Возможно, лишь когда от меня не останется и следа на земле, я смогу забыть эту омерзительную, белесую, волосатую голову, ее низкий, покатый череп и два торчащих ввысь уха. Розовый и влажный нос чем-то походил на кошачий, но только он должен был принадлежать какой-то громадной кошке. И эти глаза! Точнее то, что должно находиться на месте глаз — два выпуклых коричневых нароста, громадные как блюдца. Вместо рта — человеческого или походящего на пасть животного, — был длинный, покрытый волосами вертикальный разрез, из которого свисал подрагивающий конец черного хобота, расширяющийся книзу наподобие воронки и беспрерывно исторгающий из себя капли слюны.

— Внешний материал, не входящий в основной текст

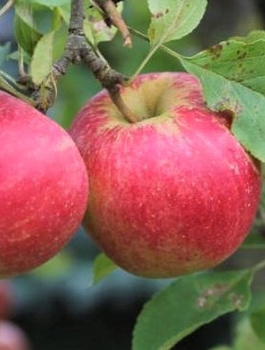 Jabloň Jonatan – sazenice s holým kořenem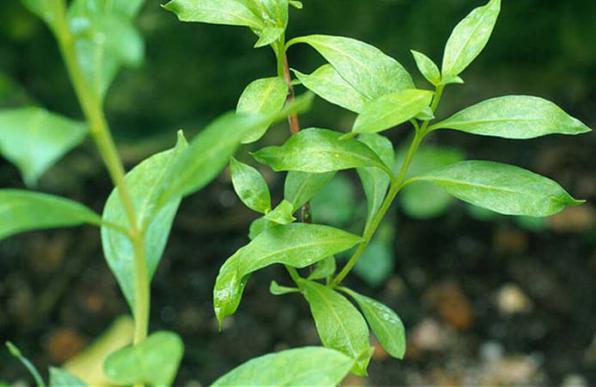 اطلاعاتی جامع درباره برگ حنا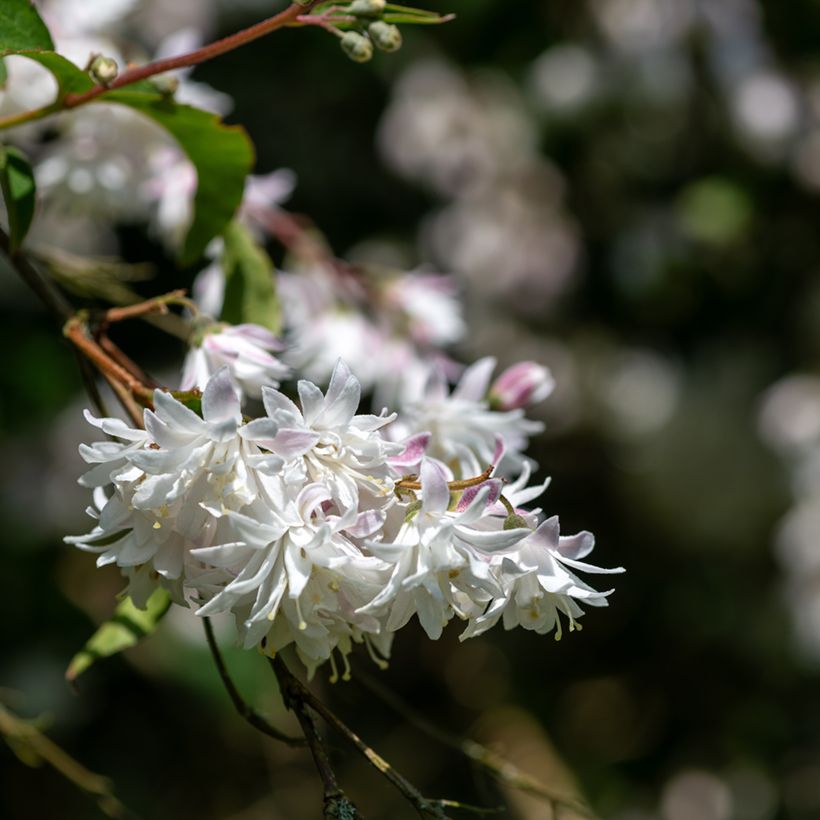 Deutzia scabra Codsall Pink - Deutzie (Flowering)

Должно быть, я потеряла сознание, потому что оказалась лежащей на животе на холодном цементном полу лаборатории, тогда как из-за двери доносился стук пишущей машинки.

Оцепеневшая, вконец выхолощенная, я, наверное, выглядела как и большинство людей, ставших свидетелями ужасного несчастного случая, когда они еще не до конца понимают, что действительно произошло. Единственное, что приходило мне на ум; это воспоминание о человеке, которого я однажды видела на путях железнодорожного переезда: оставаясь в полном сознании, он тупо, совершенно очумело смотрел на свои ноги, лежавшие по другую сторону полотна, по которому только что прогрохотал состав.

Ужасно болело горло, и я даже заволновалась, не порвались ли голосовые связки: ведь я могла навсегда потерять голос.

Неожиданно стук машинки затих, и я едва не завопила снова; когда услышала скребущийся по двери звук — и сразу же под нее проскользнул лист бумаги.

Дрожа от страха и отвращения, я согнулась, почти встала на колени, чтобы прочитать записку, не прикасаясь к ней.

«Теперь ты все поняла. Итак, моя дорогая Элен, последний эксперимент обернулся полной катастрофой. Полагаю, что ты узнала часть головы нашего бедного Дандэло. Когда я заходил в „дезинтегратор“, моя голова имела черты только мухи, а теперь у меня остались лишь глаза и рот — все остальное заменили части головы нашего кота. Бедняга Дандэло, атомы которого так и не встретились вновь. Теперь ты и сама видишь, что остается лишь один выход. Я должен исчезнуть. Когда будешь готова, постучи в дверь, и я скажу тебе, что надо делать».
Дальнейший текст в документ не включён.